Mitochondrial distribution and oocyte maturation
Homogeneousness and heterogeneousness are two major mitochondrial distribution patterns in oocytes. Homogeneous distribution of mitochondria throughout the cytoplasm is more common at germinal vesicle stage (Nishi et al., 2003), while heterogeneous distribution is more commonly observed in the oocyte of metaphase I or II (Torner et al., 2004). The increased level of mitochondrial aggregation around the nucleus indicates oocyte maturation, during which mitochondrial distribution changed from being homogeneous to heterogeneous. More precisely, in the heterogeneous state, the mitochondrial distribution changed from granulated aggregation to clustered aggregation. It is also observed that morphologically poor quality embryos are only characterized by the homogenous distribution of mitochondria (Wilding et al., 2001). Inappropriate culture conditions may inhibit mitochondrial movement to the inner cytoplasm and thus affect its cytoplasmic maturation (Torner et al., 2004). It was reported that mitochondrial redistribution in different cellular areas is mediated by cytoskeleton, especially microtubule network (van Blerkom, 1991). The abnormal distribution of mitochondria is related to the inappropriate formation of the cytoplasmic microtubule network, which can lead to the retardation or arrest of oocyte development and exert negative effects on the embryogenesis due to the abnormal ATP distribution (Nagai et al., 2006), because high energy supply around nucleus is very important during embryonic development. Therefore, proper distribution of active mitochondria during oocyte maturation is necessary for further development.
Calcium signaling in mitochondria
Mitochondrial redistribution in the oocyte may result from the high demand for ATP and calcium during cytoplasmic maturation, since the main functions of mitochondria are ATP synthesis and calcium supply (Krisher, 2004). Mitochondria form aggregates with the smooth endoplasmic reticulum (SER), and these aggregates are apparently involved in the energy production and deposition before fertilization (Torner et al., 2004).
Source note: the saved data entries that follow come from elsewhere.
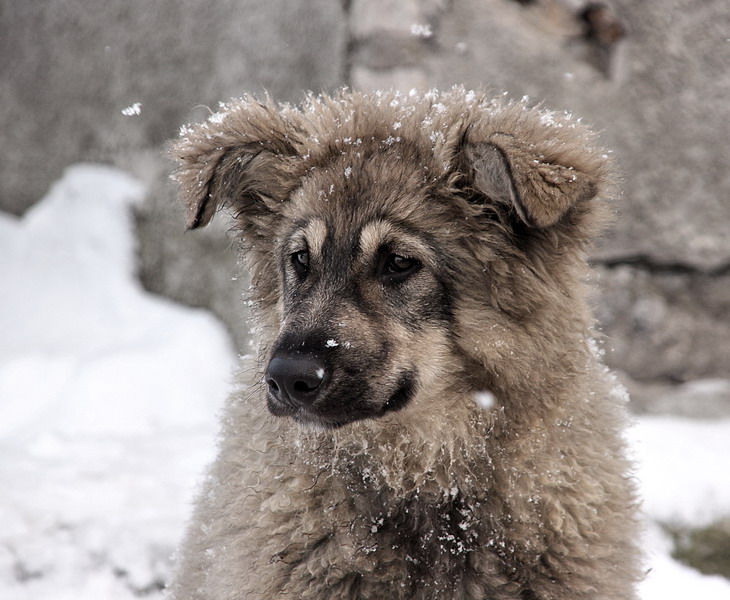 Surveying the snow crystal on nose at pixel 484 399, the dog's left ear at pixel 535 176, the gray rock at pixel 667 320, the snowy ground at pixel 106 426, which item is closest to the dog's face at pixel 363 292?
the snow crystal on nose at pixel 484 399

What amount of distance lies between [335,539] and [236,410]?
2.51 ft

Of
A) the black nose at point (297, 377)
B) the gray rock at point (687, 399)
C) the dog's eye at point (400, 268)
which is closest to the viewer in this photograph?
the black nose at point (297, 377)

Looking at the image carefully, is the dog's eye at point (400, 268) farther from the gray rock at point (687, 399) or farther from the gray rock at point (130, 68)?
the gray rock at point (687, 399)

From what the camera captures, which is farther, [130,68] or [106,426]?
[130,68]

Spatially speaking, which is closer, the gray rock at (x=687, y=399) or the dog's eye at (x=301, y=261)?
the dog's eye at (x=301, y=261)

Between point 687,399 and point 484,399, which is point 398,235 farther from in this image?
point 687,399

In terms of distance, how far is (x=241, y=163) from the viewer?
10.6ft

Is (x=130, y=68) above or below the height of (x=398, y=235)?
below

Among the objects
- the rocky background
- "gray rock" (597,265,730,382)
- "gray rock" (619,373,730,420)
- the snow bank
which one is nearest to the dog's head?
the snow bank

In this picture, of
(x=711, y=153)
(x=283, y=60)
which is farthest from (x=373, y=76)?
(x=711, y=153)

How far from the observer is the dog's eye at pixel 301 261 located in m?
3.14

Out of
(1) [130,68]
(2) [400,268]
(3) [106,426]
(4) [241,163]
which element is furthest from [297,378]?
(1) [130,68]

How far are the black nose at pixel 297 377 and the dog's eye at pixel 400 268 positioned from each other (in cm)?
44

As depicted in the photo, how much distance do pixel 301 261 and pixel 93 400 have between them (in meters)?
3.47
Mammalian oocyte maturation relies not only on a high level of ATP for nuclear envelope breakdown, but also on intracellular calcium, which is derived from the endoplasmic reticulum (ER) and mitochondria (Krisher, 2004).
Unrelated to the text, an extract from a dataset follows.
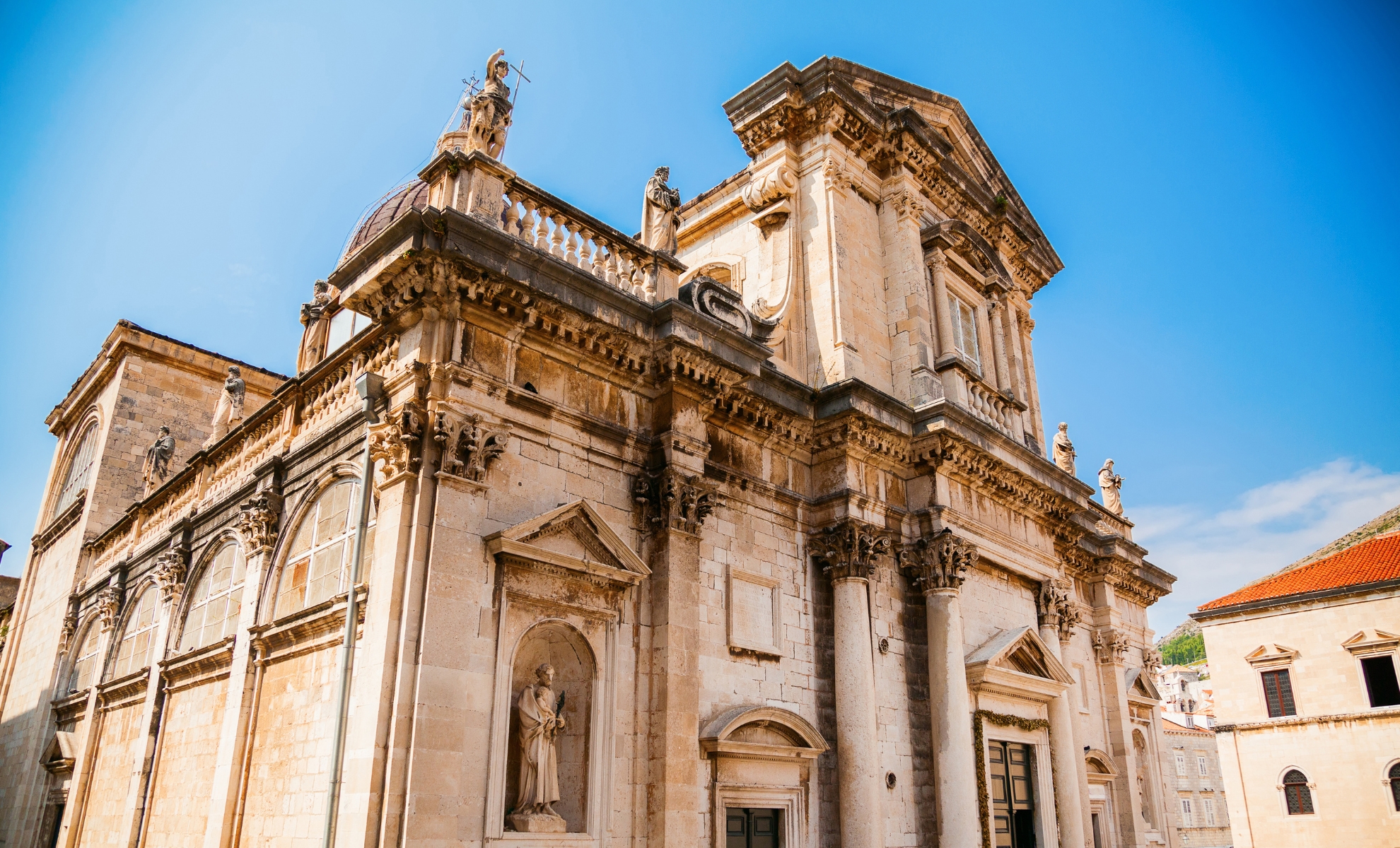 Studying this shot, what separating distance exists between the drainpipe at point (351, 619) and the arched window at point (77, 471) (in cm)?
1505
Inositol 1,4,5-trisphosphate (IP3) and ryanodine receptors were found to localize on the surface of the ER, which are active from the germinal vesicle stage to oocyte maturation (Machaty et al., 1997). These two receptors enable redundant calcium to release from the intracellular stores. Ca2+-induced Ca2+ release (CICR) is considered as a feedback process of IP3- and ryanodine-induced Ca2+ release (Chakraborti et al., 1999). Studies have shown that mitochondria have an enormous capacity to regulate Ca2+ and prevent cytoplasmic Ca2+ concentration from rising too high potently. When the Ca2+ in the matrix gets overloaded, mPT pore (mitochondrial permeability transition pore) will be formed for the Ca2+ release (Giacomello et al., 2007).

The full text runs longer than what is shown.